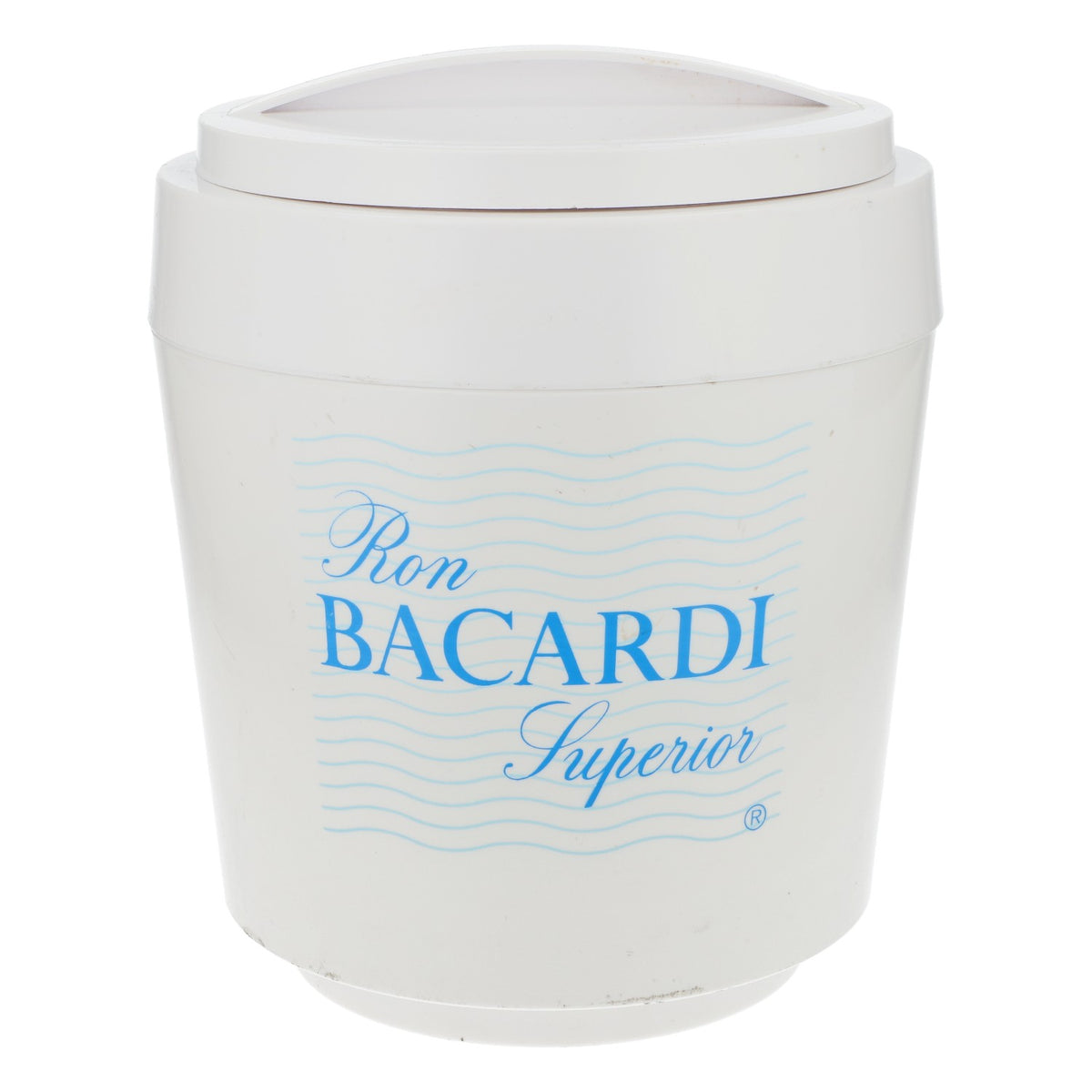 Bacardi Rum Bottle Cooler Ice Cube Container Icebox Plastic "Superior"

---

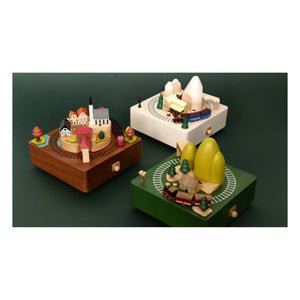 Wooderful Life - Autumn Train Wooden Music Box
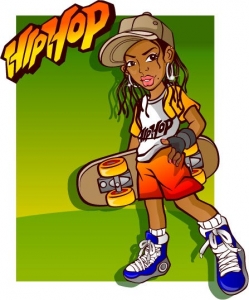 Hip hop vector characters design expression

* * *

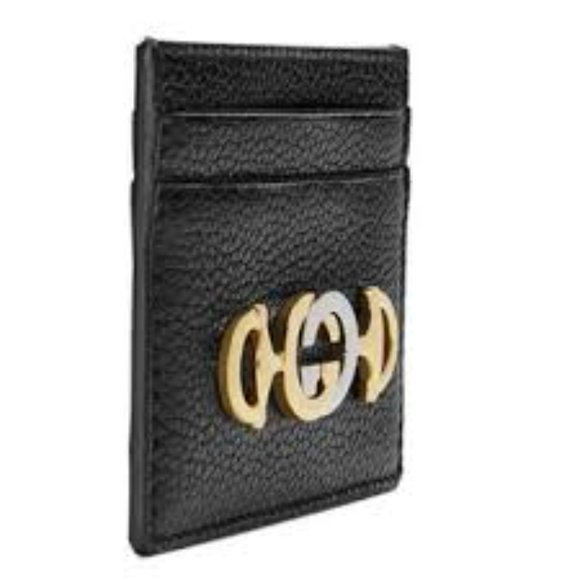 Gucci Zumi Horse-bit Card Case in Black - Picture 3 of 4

_What you are asked to do_:
Word for word, repeat the lines above from the one with "Wooderful Life - Autumn" through the one with "Hip hop vector characters design expression", and nothing beyond them. Omit the pictures.

_Solution below_:
 Wooderful Life - Autumn Train Wooden Music Box
 Hip hop vector characters design expression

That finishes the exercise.